AB ülkelerine bakıldığında Türkiye’nin yüzde 2,2’lik büyümesinin bir başarı olarak değerlendirilebileceğini, ancak gelişmekte olan ülkelerin yakalamış oldukları  yüzde 6’lık büyüme karşısında başarısız kaldığını vurgulayan Yorgancılar, “Yıllık yüzde 2,2 düzeyindeki büyümenin yavaşlayan küresel talebe rağmen ihracattan gelmesinin olumlu bir gelişme olduğunu ancak iç talebin binde 7 gerilemesinin sağlıklı olmadığını ifade etti. Yorgancılar, "2011 yılında iç talep, 2012 yılında dış talep ile büyüdük. Önemli ve sağlıklı olan büyümenin hem iç hem de dış talepten beslenmesidir. Günümüz küresel rekabet ortamı ve Türkiye ekonomisinin yapısal özellikleri tek kanatlı bir büyümenin sürdürülebilir olmasını engellemektedir. Yeni, farklı ve yenilik bazlı bir sanayileşme ve büyüme stratejisine olan ihtiyaç ortadadır" diye konuştu.

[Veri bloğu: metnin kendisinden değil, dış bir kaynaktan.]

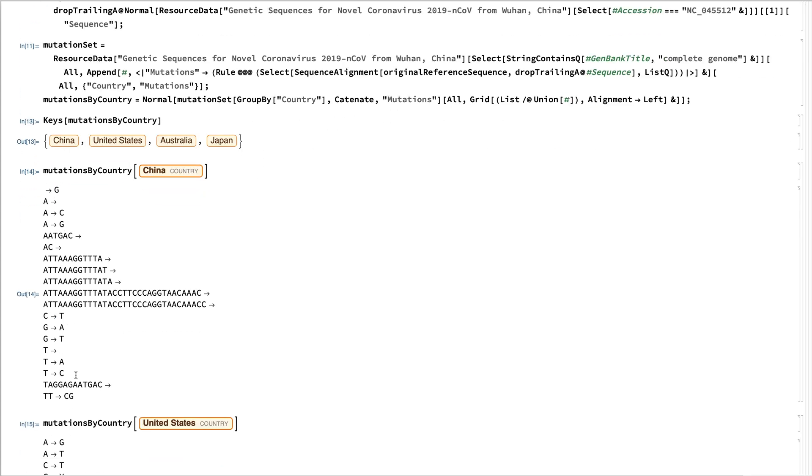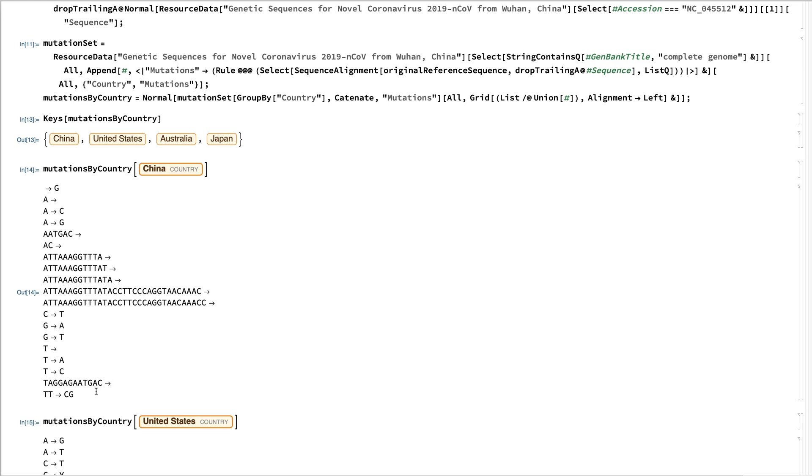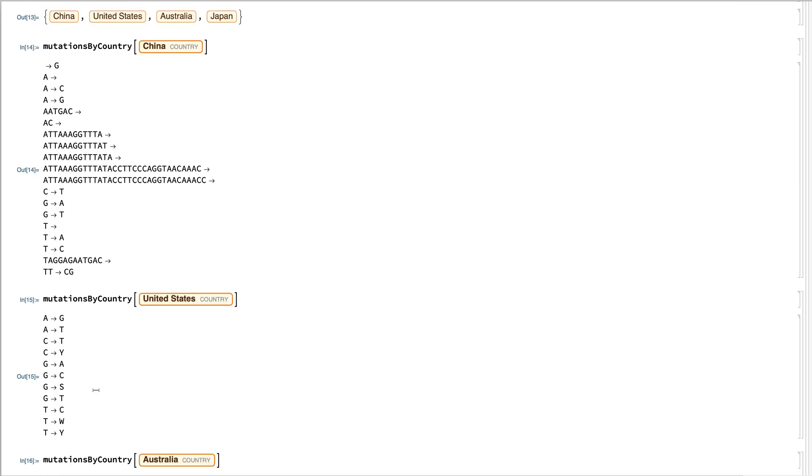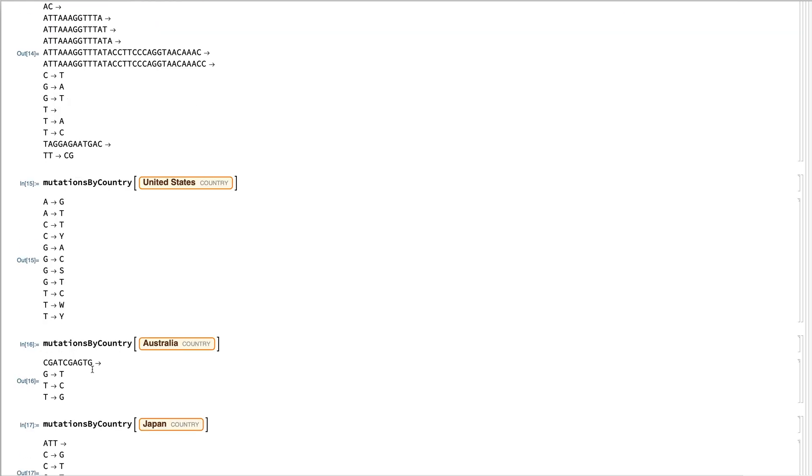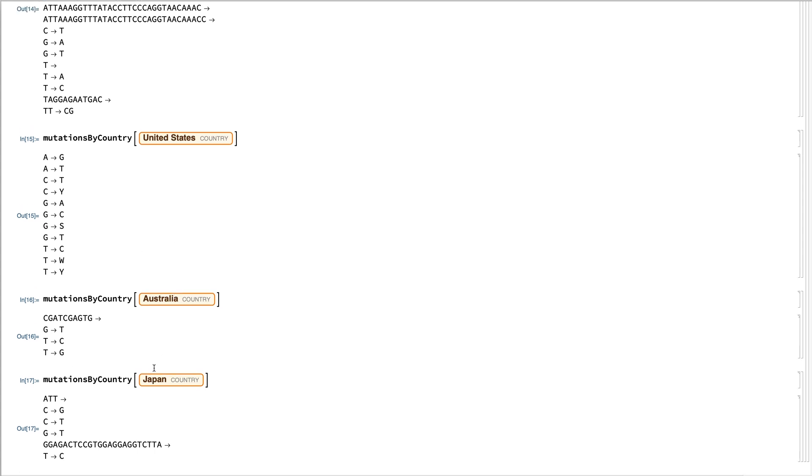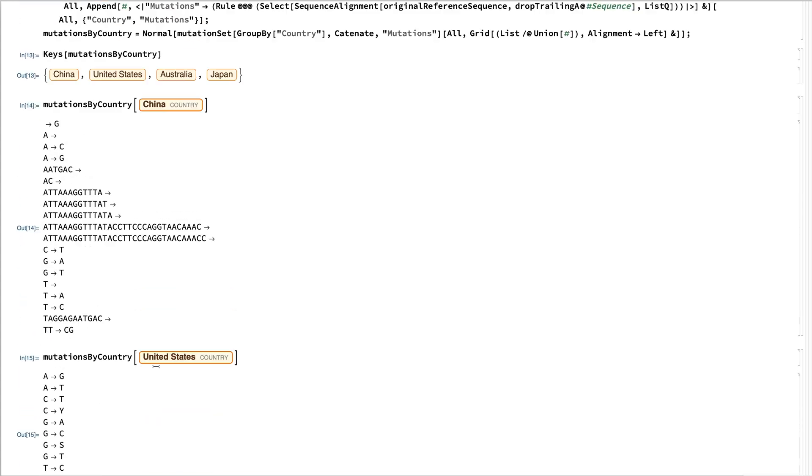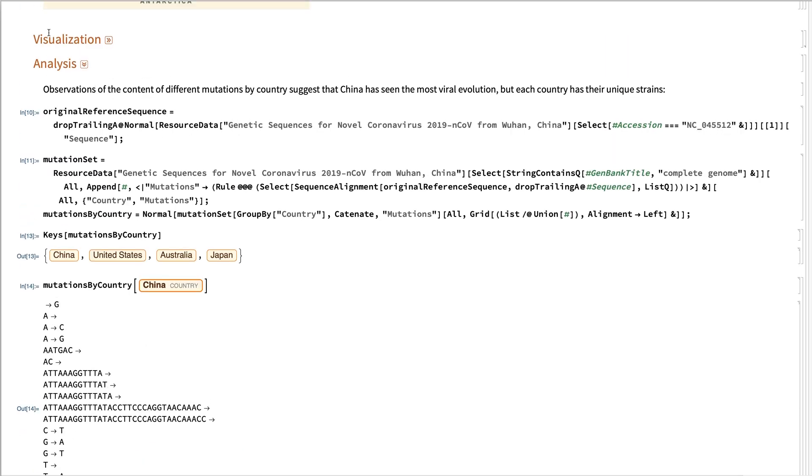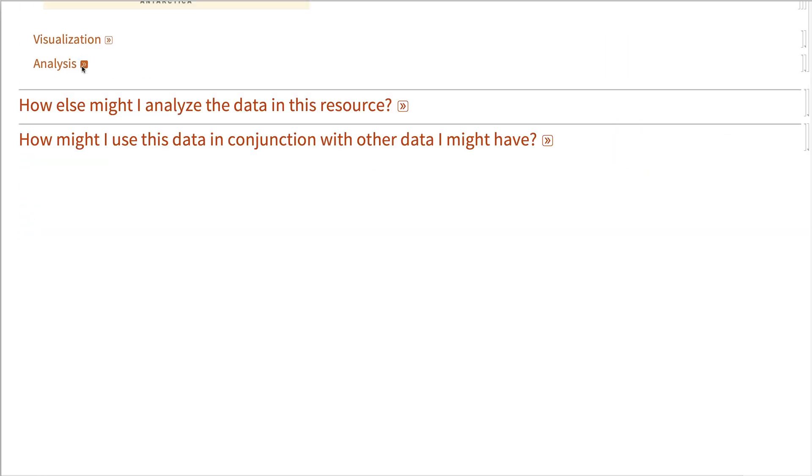So here we see a fair number of mutations for China and a smaller but different mutations for the samples for United States, Australia, and Japan, showing some of the viral development.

Büyüme verilerinin 2013 ve sonrası yıllar için de uyarı niteliğinde sinyaller verdiğini söyleyen Yorgancılar, özel sektör yatırımlarının son çeyrekte yüzde 9,2 yıllık bazda ise yüzde 4,5 gerilemesinin bu yılın yanında gelecek yılların üretim kapasitesi ve büyüme hızı konusunda da endişe yarattığını öne sürdü. Bu durumun ayrıca 2012 yılı Haziran ayında resmileşen ve konjonktürel açıdan şansız bir döneme denk gelen yeni teşvik paketinin de sorgulanması ve yenilenmesi gereğine işaret ettiğini belirten Yorgancılar,  2012 yılını sanayi sektörü açısından da değerlendirdi.  Yorgancılar, "2011 yılında yüzde 10 oranında büyüyen imalat sanayinde 2012'nin son çeyreğinde büyüme durmuş, yılın bütününde üretim sadece yüzde 1,9 oranında artmıştır. Bu rakamlar sektörün 2009 krizi sonrası en düşük yıllık büyüme hızı, 2008 sonrası en kötü son çeyrek büyümesi ile karşı karşıya kaldığını ortaya koymaktadır. Yeni pazarlar bulma ve ihracat artışı konusundaki büyük çalışmalar sonucunda ancak bu büyüme hızı yakalanabilmiştir. Reel kurların ortalama olarak gerilediği bir ortamda bu çok önemli bir başarıdır. Ancak, 2013 yılında bu başarının devam etme olasılığı düşüktür. Dolayısıyla yeni bir yatırım, üretim, ihracat stratejisi ile buna imkan verecek makro ekonomik koşulların oluşturulması gerekmektedir. Girişimcilerimiz verimlilik artışı ve yeni pazarlara yönelme konusunda elinden geleni yapmıştır. Sıra, reel sektör bazlı büyüme için; faiz, kur, enerji maliyetleri, istihdam vergileri gibi makro ekonomik değişkenleri uygun hale getirmeye gelmiştir. Aksi halde hem artan cari açık hem de yükselen işsizlik ile karşılaşılması sürpriz olmayacaktır. Ayrıca 2023 hedefleri Kaf Dağının arkasında kalacaktır" dedi.